##### Record set
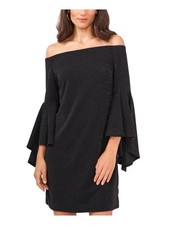 VINCE CAMUTO Womens Black Pullover Lined Bell Sleeve Short Shift Dress XS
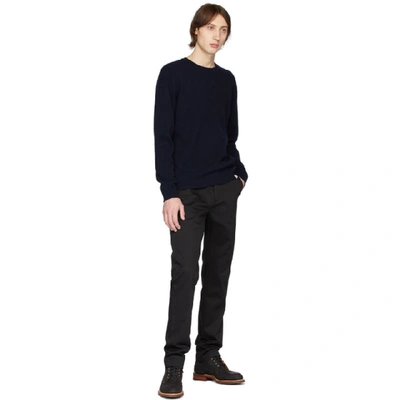 Shop Norse Projects Navy Lambswool Sigfred Sweater In Dark Navy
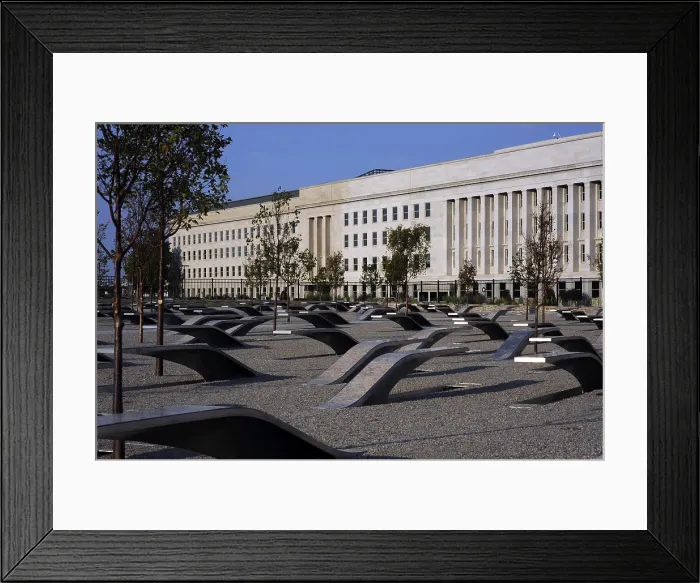 Framed Print : The Pentagon Memorial honoring the 184 people killed at the Pentagon and on American Airlines Flight 77 during the Sept. 11 2001 terrorist attacks was dedicated on Sept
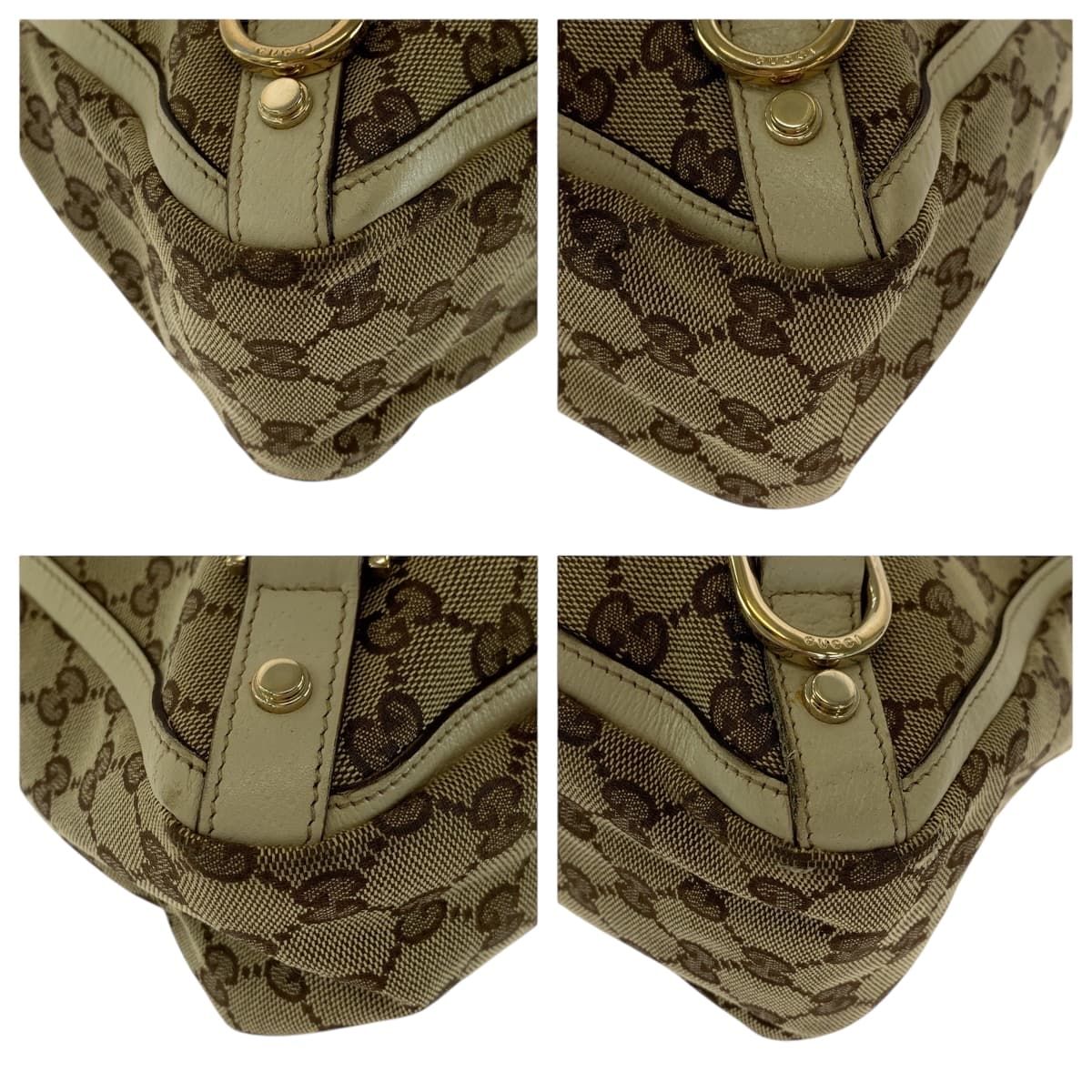 GUCCI グッチ ベージュ アイボリー ゴールド金具 GGキャンバス 170004 
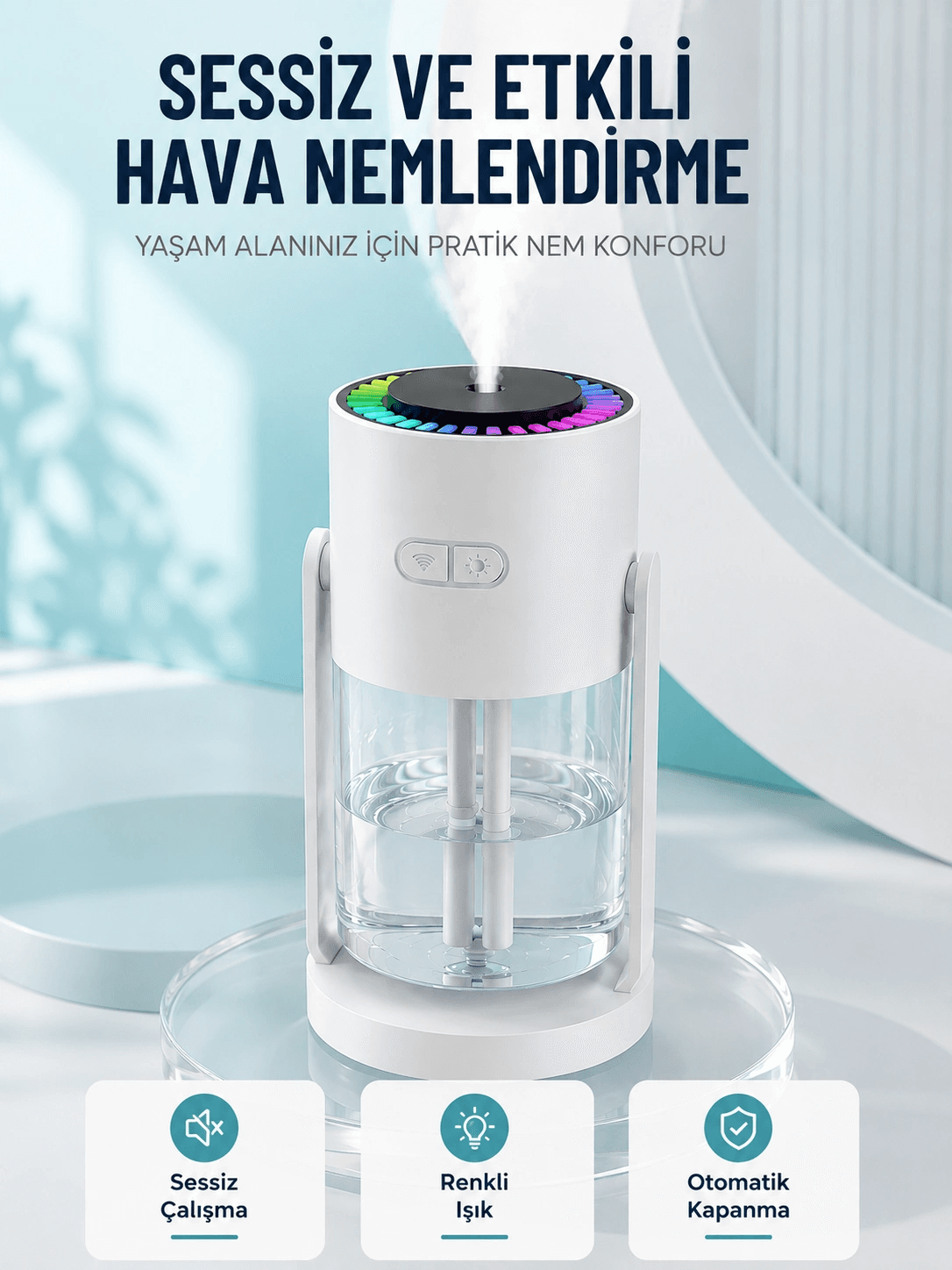 Hava Nemlendirici Led Işıklı Sessiz Çalışan Otomatik Kapanmalı Masaüstü Nemlendirme Cihazı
##########
§ What you have to do
Print, please, exactly the lines from the one holding "GUCCI グッチ ベージュ アイボリー ゴールド金具 GGキャンバス 170004" through the final line of the data, both included, while leaving out each picture.

§ Task output
 GUCCI グッチ ベージュ アイボリー ゴールド金具 GGキャンバス 170004 
 Hava Nemlendirici Led Işıklı Sessiz Çalışan Otomatik Kapanmalı Masaüstü Nemlendirme Cihazı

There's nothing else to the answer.